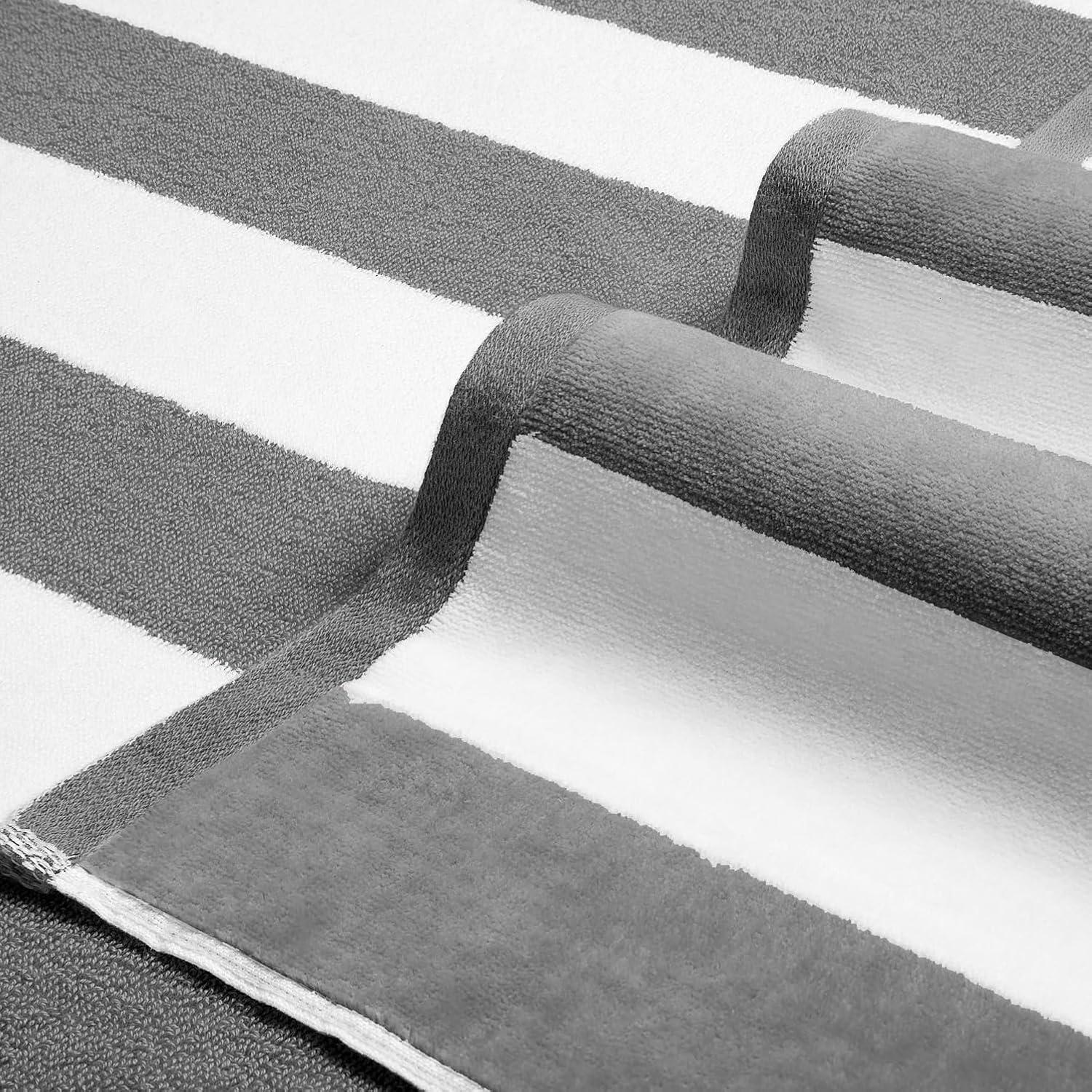 Large Oversized Beach Towel - Big Cotton Towel 36 x 70 Inch Striped Pool Towel, Large Cabana Soft Swimming Towel for Adult Men Women,Grey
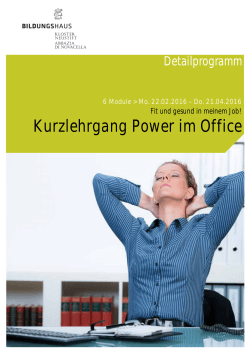 Detailprogramm Lehrgang Power im Office 2016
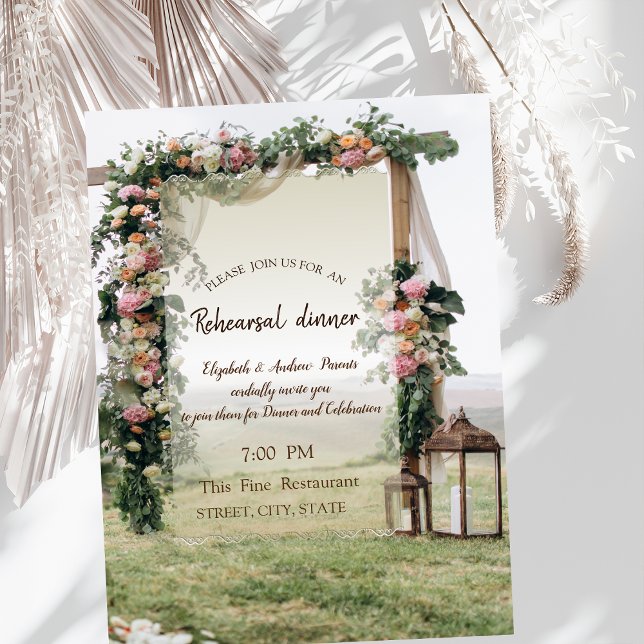 Invitation Lanterne de tonnelle de mariage Dîner de répétitio (Créateur téléchargé)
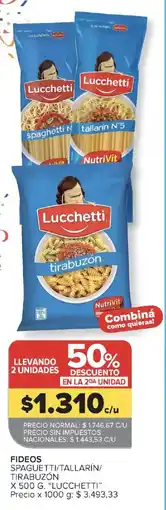 Carrefour Lucchetti fideos spaghetti/tallarín/tirabuzón oferta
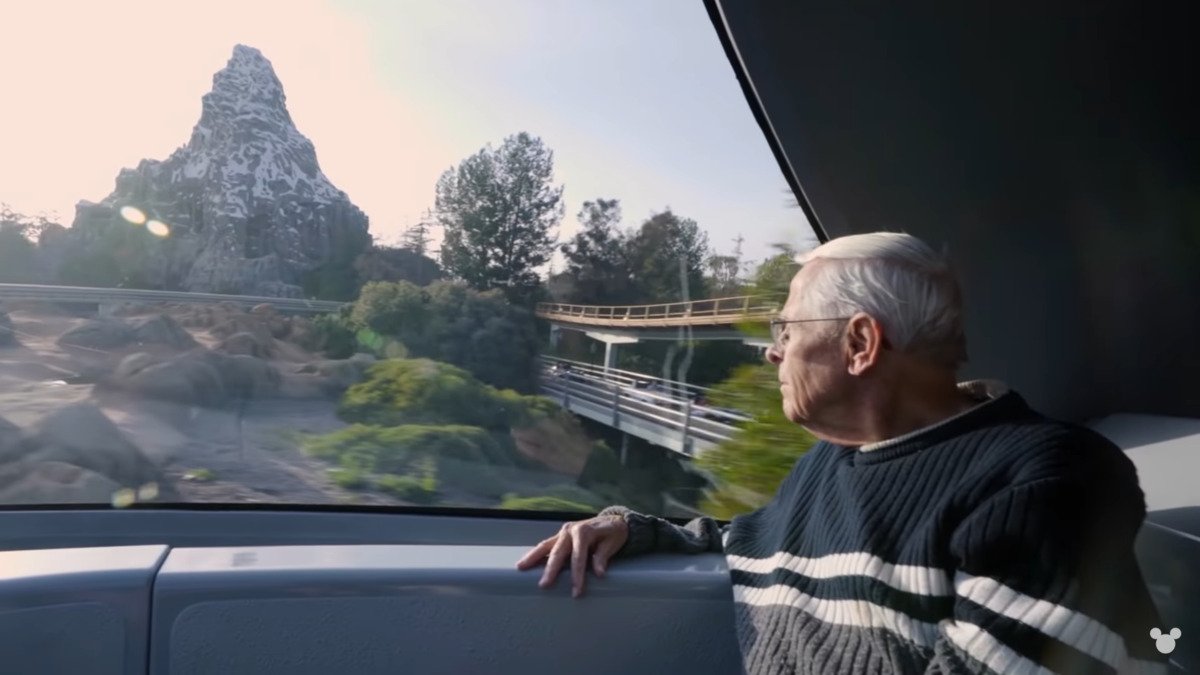 bob gurr rides the monrail to the materhorn in the imagineering story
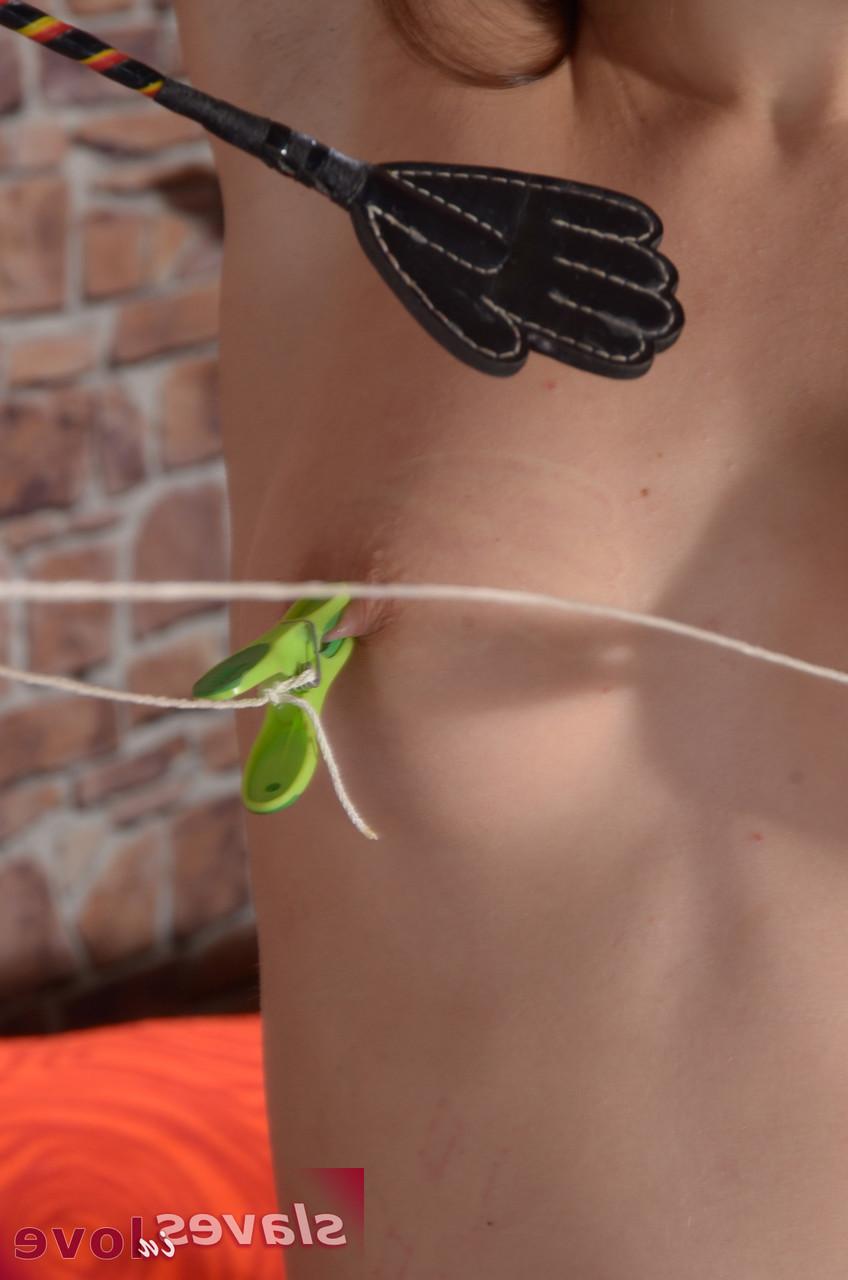 16P Brunette slave Aruna Aghora is tortured prior to oral and vaginal sex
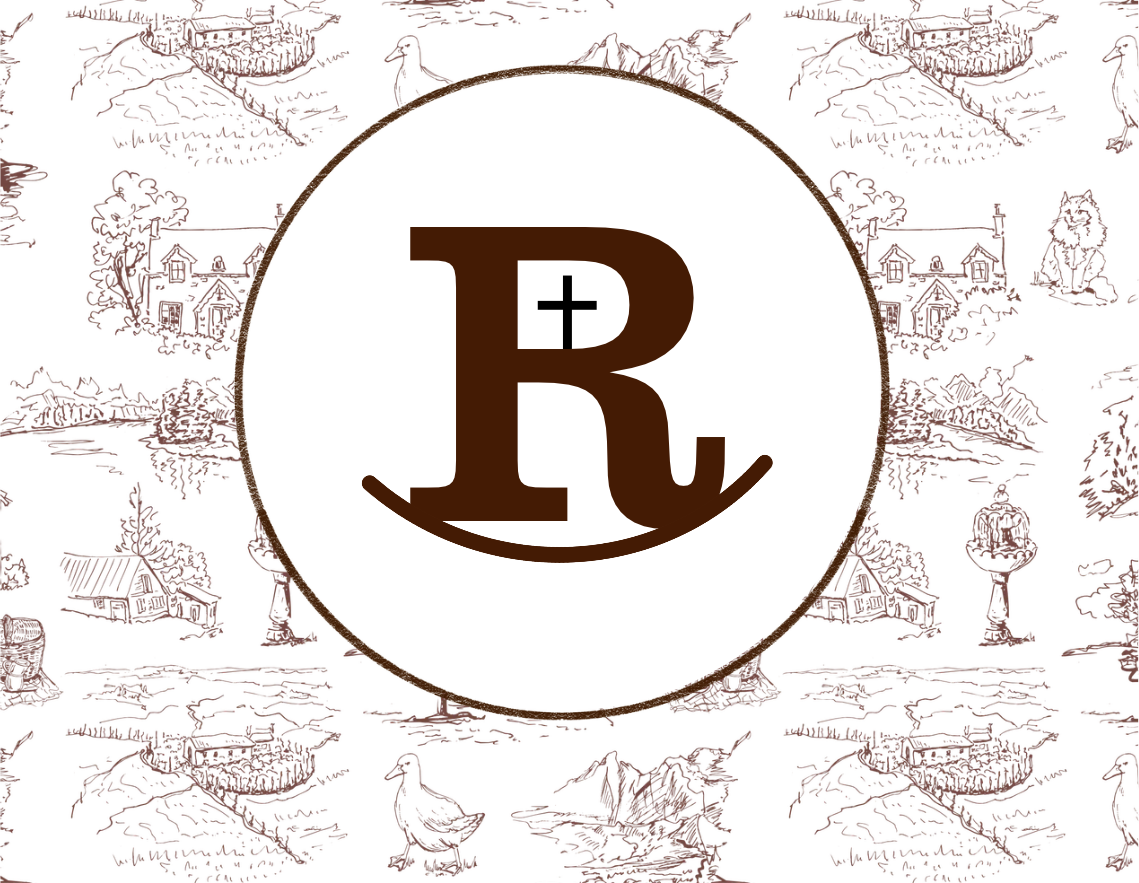 A logo with a large stylized letter R, featuring a cross inside the upper part of the R, and a curved line beneath it, all within a circle. The background consists of a sketch-style landscape of rural scenes, including houses, trees, mountains, a lake, birds, and other nature elements.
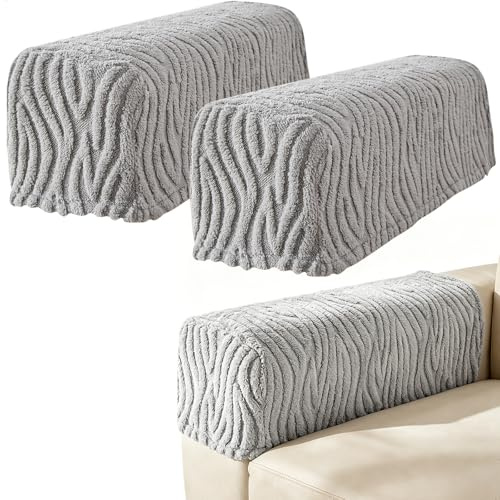 Armlehnenschoner für Sessel, Samt Armlehnenbezüge, Couch Stretchy Armlehnenbezug, Waschbare Rutschfeste Möbelbezüge, Flexibles Design Geeignet für Sessel, Sofas und LiegestüHle (Grau, 2 Stück)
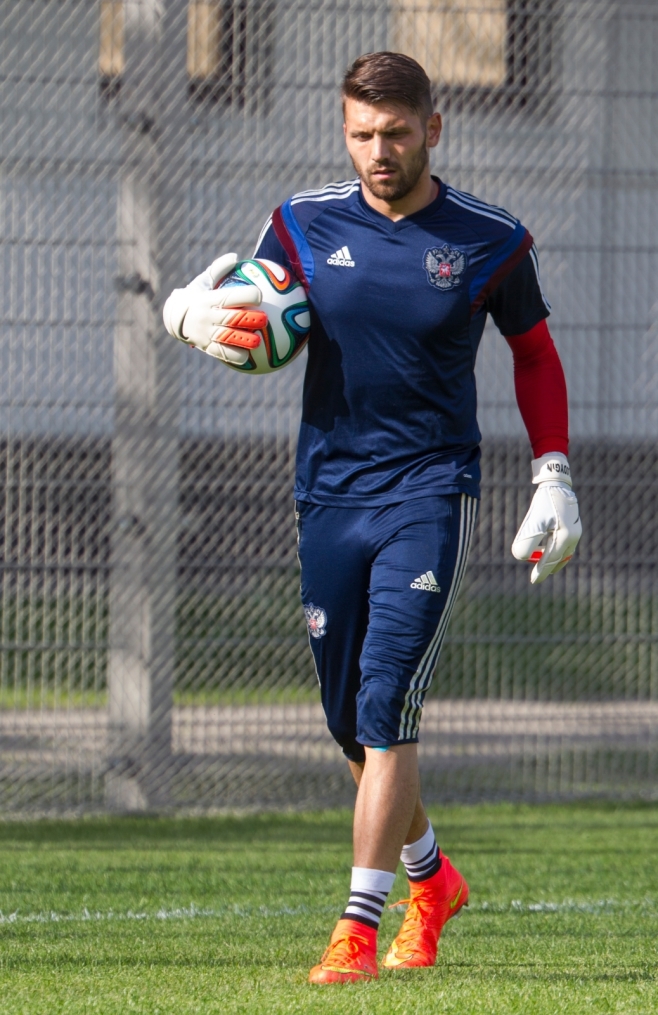 Тренировка сборной России перед матчем со Слоавкией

* _Your task_: Restate each entry verbatim and skip every image.

* _Your response_:
 Large Oversized Beach Towel - Big Cotton Towel 36 x 70 Inch Striped Pool Towel, Large Cabana Soft Swimming Towel for Adult Men Women,Grey
 Detailprogramm Lehrgang Power im Office 2016
 Invitation Lanterne de tonnelle de mariage Dîner de répétitio (Créateur téléchargé)
 Carrefour Lucchetti fideos spaghetti/tallarín/tirabuzón oferta
 bob gurr rides the monrail to the materhorn in the imagineering story
 16P Brunette slave Aruna Aghora is tortured prior to oral and vaginal sex
 A logo with a large stylized letter R, featuring a cross inside the upper part of the R, and a curved line beneath it, all within a circle. The background consists of a sketch-style landscape of rural scenes, including houses, trees, mountains, a lake, birds, and other nature elements.
 Armlehnenschoner für Sessel, Samt Armlehnenbezüge, Couch Stretchy Armlehnenbezug, Waschbare Rutschfeste Möbelbezüge, Flexibles Design Geeignet für Sessel, Sofas und LiegestüHle (Grau, 2 Stück)
 Тренировка сборной России перед матчем со Слоавкией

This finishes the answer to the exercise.